全国離島巡り「仲間」激励 静岡の小川さん、2度の脳疾患越え

全国各地の離島を訪ねる旅を続けている静岡市の小川清さん=15日、石垣港離島ターミナル

 【八重山】2度の脳疾患を乗り越えた静岡市の小川清さん(66)が全国の離島を巡りながら、同病者を励ます旅を続けている。2月に沖縄入りし、水納島、大神島、内離島、外離島を回り、訪れた島の数は317に達した。「夢があればリハビリも頑張れるし、一生懸命諦めずに努力すれば元の生活にも戻って旅もできることを伝えたい」と全国の仲間にエールを送っている。

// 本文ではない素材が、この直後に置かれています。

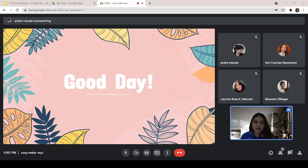Good afternoon, everyone. Let's start our day with a prayer. Marika, please lead the prayer.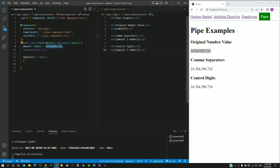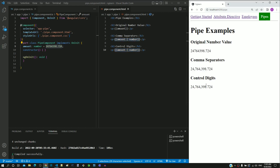In the HTML template, I have included a new section that applies the amount property with the number pipe. This is the same as the one above, which displays the number formatted with a comma. I am going to modify this pipe definition to make the number display with two decimal places.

 小川さんは2002年に脳梗塞、04年に脳内出血で倒れた。1度目は軽度だったため後遺症も残らなかったが、脳内出血では、両足がまひしてしまった。
 リハビリ初日。足が固まったように動かない。看護師に両手で足を持ち上げてもらい、ようやく一歩、踏み出した。「普段の生活を送れるだろうか」。目の前が真っ暗になった。

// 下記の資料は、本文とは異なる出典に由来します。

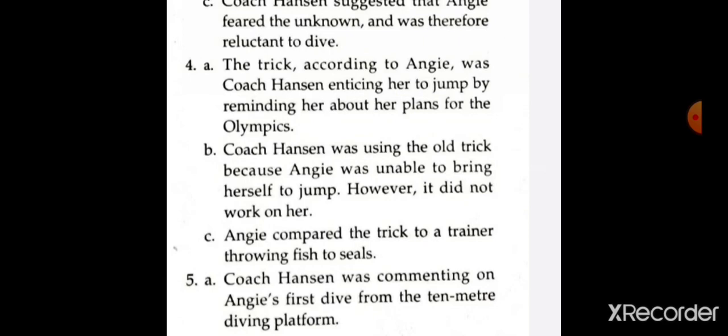Extract number 5: 'That wasn't bad, Angie,' coach Henson said as she came out of the water. Question A: what was coach Henson commenting on? Coach Henson was commenting on Angie's first dive from the 10-meter diving platform. Question B: what was the tone in which the coach spoke? The coach spoke in an encouraging tone. Question C: what did he ask Angie to do next? He asked Angie to try jumping again so that she could do better on her dive.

 だが、中学の地理の授業以来、「いつか日本一周する」とずっと抱いていた夢は諦め切れなかった。病院のリハビリメニューのほかに、ベッド脇でスクワットや階段の上り下りを繰り返し、驚異的な回復を見せて2カ月で退院した。
 05年8月、車と自転車で日本一周に出発した。南から北まで全国を巡り、3カ月かけて達成。06年からは島巡りを始めた。
 自身の体験を語るようになったのは07年6月に宿泊した西表島の民宿ぱいん館のおかみとの出会いがきっかけ。「つらいかもしれないけど、全国の同じ病気の方々に勇気や希望をあげることができるんじゃないの」と勧められ、以来、離島の学校を訪問したり、各地でメディアに積極的に出るなど、発信してきた。
 「人は夢や希望があれば、まい進できる。旅が私にとって最高のリハビリだね」と小川さん。これからも島々を訪ねて、希望を与え続けていくつもりだ。